C’est un drôle de feuilleton qui est en train de se jouer entre la presse anglo-saxonne et Emmanuel Macron.

Un feuilleton qui tourne même à la confrontation autour d’un sujet fondamental aux yeux des Français, mais extrêmement complexe et controversé aux yeux de nombreux pays étrangers : la laïcité. Coup sur coup, plusieurs tribunes ont été publiées, puis dépubliées dans de grands médias anglo-saxons comme le Financial Times et le site Politico, entre autres. Des papiers qui mettaient en cause les positions d’Emmanuel Macron sur les caricatures et la lutte contre l’islamisme radical.

Retirer des articles d’un journal, ça doit être rarissime ?
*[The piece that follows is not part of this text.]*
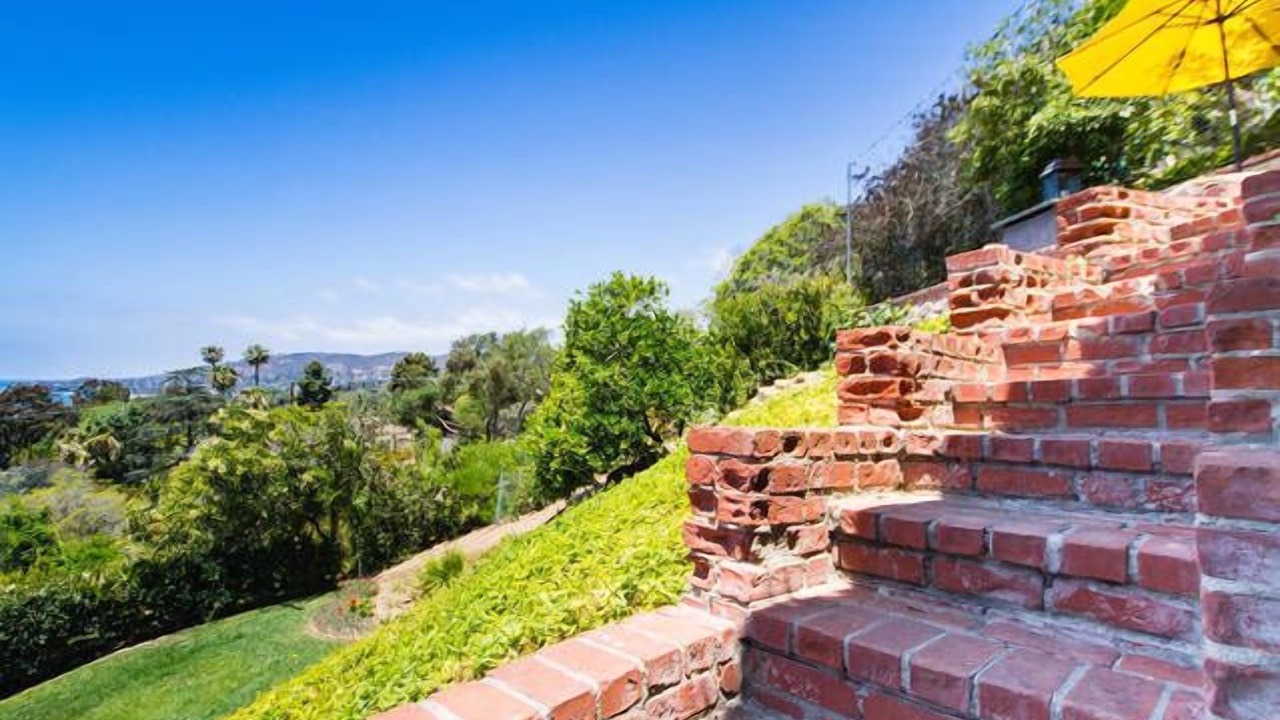 Photo of Outdoor in Diamond Crestview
C’est même sans précédent dans ces médias-là et l’accusation n’a pas tardé : c’est Emmanuel Macron lui-même qui est intervenu. En fait, on assure à l’Elysée que ces dépublications ont été décidées par les rédacteurs en chef de ces journaux parce que les articles contenaient trop d’erreurs. Admettons. Sauf que le New York Times s’est invité dans la partie avec un long article de leur spécialiste médias. Un vrai réquisitoire.
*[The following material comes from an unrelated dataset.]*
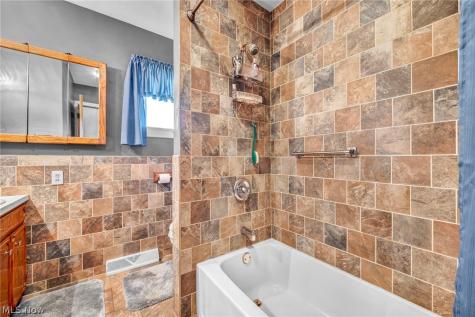 9400 Mennonite Road Wadsworth OH 44281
Est-ce que ce n’est pas une affaire un peu microcosmique, un débat classique entre médias et pouvoir ?

C’est beaucoup plus que ça. Tout est parti de la re-publication des caricatures du Prophète. Les pays arabes, les pays musulmans comme la Turquie ont vigoureusement condamné, il fallait s’y attendre. Mais le plus étonnant, c’est que le monde anglo-saxon n’a pas compris, pas admis l’exercice de cette liberté. On a malheureusement constaté le silence assourdissant des États-Unis après l’assassinat de Samuel Paty, quand ce n’était pas pire.

Pourquoi ?

Parce que le politiquement correct est devenu la norme aux États-Unis. La presse est verrouillée par ça, et les caricatures sont donc vécues comme une agression. Et puis la société anglo-saxonne n’est pas du tout construite comme la nôtre sur l’idée d’intégration, mais sur les communautés et sur la différence. Peu à peu, cette incompréhension de notre modèle est devenue une condamnation : pousser à l’intégration comme le fait la France, c’est nier les différences, ce qui conduit finalement au racisme. La voilà l’accusation implicite de ces médias. C’est évidemment un choc. En cinq ans, nous sommes passés du statut de pays des Lumières et de la liberté d’expression, un pays consolé par le monde entier après la tuerie de Charlie hebdo, au statut de pays suspect de racisme et de d’islamophobie. Un désastre.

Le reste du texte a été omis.